11:00 PM, Dec 9, 2002
THE DAILY STANDARD welcomes letters to the editor. Letters will be edited for length and clarity and must include the writer's name, city, and state.
Speaking as one who has abandoned the left screaming in panic, David Skinner has hit the nail on the head with his article ("No More Idealism on the Left"). The Left has lost its sense of purpose, its reason for being, and just generally, its sense and reason. I remember the days when it was easy to mock the meanness of the Republicans--Newt and his crowd were so vitriolic, it was impossible to hear any message. Today, it is the Dems who spew hate and meanness without any message behind it. The Republicans can count on me as long as they stay positive, focused, and intent on the freedoms of our country and spreading those gifts to the world. Amnesty International used to believe in that. I am an idealist, and I am a Republican now.
I think David Skinner has seriously misunderstood the basis of the "Left's" movement against the war on Iraq. Principled opposition to war is based on a belief that human life is of ultimate importance and sanctity. (I doubt even the "right" would disagree with this idea.) I place myself firmly on the "left" and condemn the abuses of Saddam Hussein as fully as I condemn the actions of the perpetrators of the attack on the World Trade Center. However, it is perfectly coherent and legitimate that I equally strongly choose to condemn the motivations of a corporate and oil-hungry government in its bombing of innocent civilians in a war that will do nothing to help the people of a repressive regime, and will serve only to ensure a free flow of gasoline to an over-privileged nation.
Would this war also "do" anything about Saddam Hussein's regime and offer relief to the people of Iraq? Perhaps. But could we pursue the same ends by other, diplomatic, peaceful means? Perhaps. Given the choice, I would support the option without the killing, violence, death and imperialist aggression. I think that the "Left" would have shown some degree of sympathy for an attack on Iraq based on the pure and noble motives of freedom for all. But, please ask yourself, Mr. Skinner, do you honestly believe that George W. Bush wants to start a war in the interests of the repressed women and minorities of Iraq?
Perhaps you do, and in that case I think that it is clear who the "dreamer" is here.
David Skinner is quite right when he notes that "the Left has given up principled opposition for the sake of mere opposition." The Left's boggling and senseless opposition to regime change in Iraq emerges mostly from a lack of options. Leftists face the choice of supporting Bush's push for a regime change or supporting the sovereign rights of a despot. The fact that many Leftists have opted for the latter suggests that they must find something uniquely distasteful about the former. What the Left just can't swallow is the idea that the Right truly has human rights in mind when it speaks of regime change. Instead Leftists speculate bizarrely that the Right seeks only to exercise fascist dominion over peoples it regards as inferior. Alternatively, Leftists assert that the Right is solely motivated by economic interests. This, of course, is part of the absurd thinking that there can only be one motivation for a course of action when in fact it is quite possible for Bush to have in mind the future security of the United States, humanitarian concerns for the people of Iraq, and yes, a recognition of potential economic benefits from regime change.

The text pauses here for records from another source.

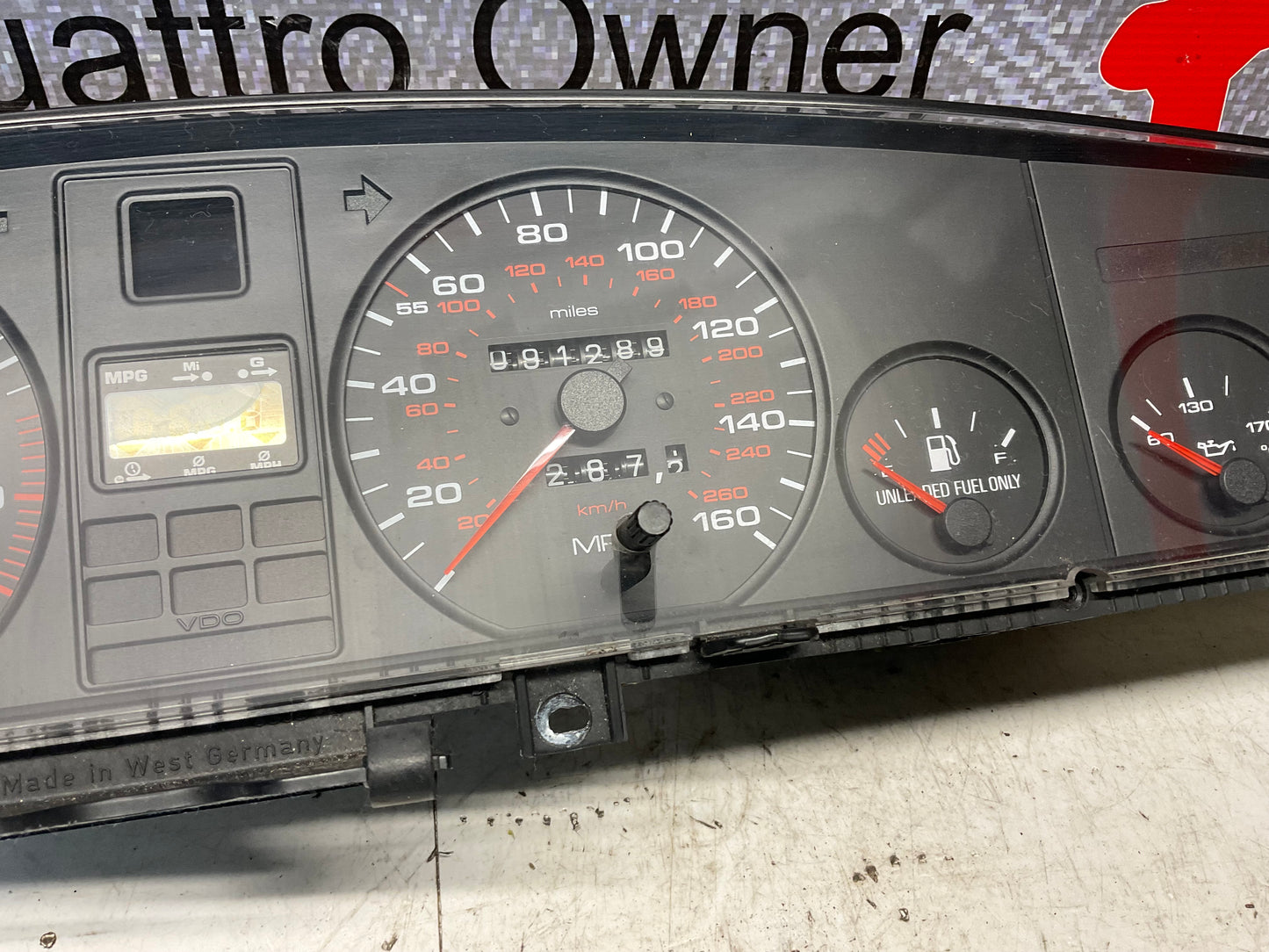 Speedometer / Gauge Cluster 447919035G  C3  147K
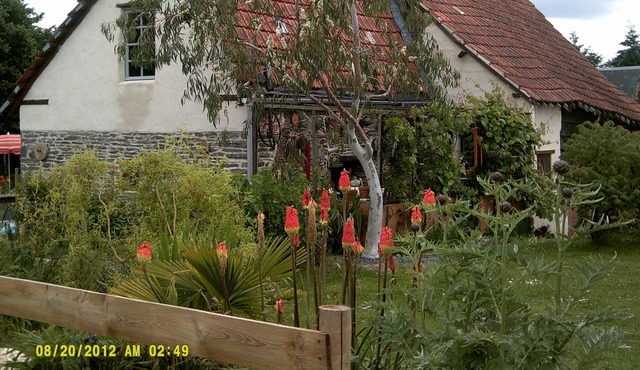 Cosy barn conversion ideal location for all normandie tourist attractions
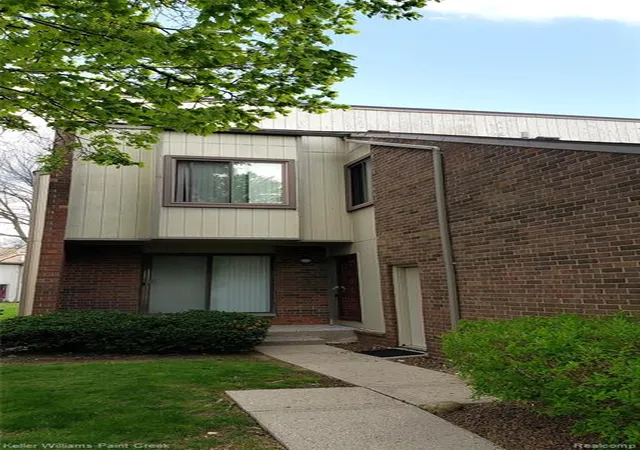Photo 3 of Condo for sale at 5872 Vassar, West Bloomfield, MI 48322 3544 | MLS# 60989704 | Listing updated on 2026-09-12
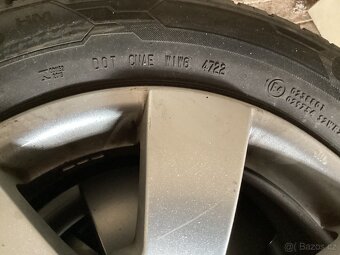 Prodám 4 pneumatiky - 4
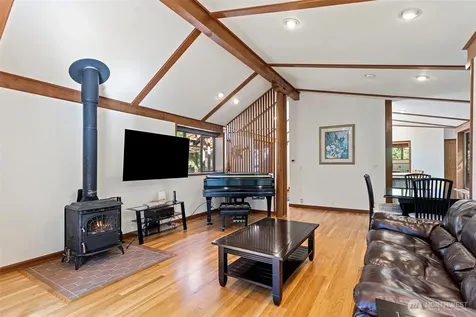 19611 NE Redmond Road Redmond WA 98053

What the Left cherishes most preciously is its claim to moral righteousness. Jumping on board with Bush on the Iraq issue would require the Left to share that claim and, worse yet, to recognize that the Right too may act with moral concerns in mind.
While I happen to support armed regime change in Iraq, I hardly think that opposing that policy amounts to condoning procedural rape, religious dictatorships, and repression of basic human rights. To not invade a nation is not to approve of its leadership. Indeed, the Right has had little problem affirmatively embracing dictatorships guilty of many of these sins when it is perceived that such an embrace furthers American interests, going so far as to train and then protect those that murder nuns and priests.
Great article by David Skinner.
As a middle-aged "liberal" of longstanding, I think about this quite a lot. I use quotes to modify "liberal" because since the Clinton administration I've been radically out of step with my peers. I'm so out of step that yesterday a liberal neighbor and good friend told me that she's able to be "tolerant" of my politics even though they're so "different."
Clinton's abuse of women put me off the boat in the first place. I became a devoted reader of The Weekly Standard in part because of its staunch willingness to say, over and over again, that having a president who is a rapist is unacceptable in every conceivable way.
You didn't hear liberals saying that.
Throughout those years it was shocking to hear the same people who were appalled by the tiniest hint of sexist behavior in any shape or form actively excuse and even, sometimes, embrace Clinton's sexual behavior in the White House. I spent the Clinton years sitting around listening to some of the most politically correct people on earth open their mouths and say things like, "Women lie about rape" as if that were a normal and highly moral point of view we all just naturally shared. My point isn't that women don't lie about rape, by the way; sometimes they do. My point is that within the academic Left it was illegal to say women-lie-about-rape right up to the very moment we had a Democratic president who was a rapist. Then suddenly it was a perfectly reasonable and even good thing to say.
With the Bush presidency it's deja vu all over again. I favor regime change; I'm as horrified as I possibly can be by the horrific abuses of his regime and I would favor regime change even if Saddam weren't pursuing WMD. This position puts me so far beyond the pale there's no turning back.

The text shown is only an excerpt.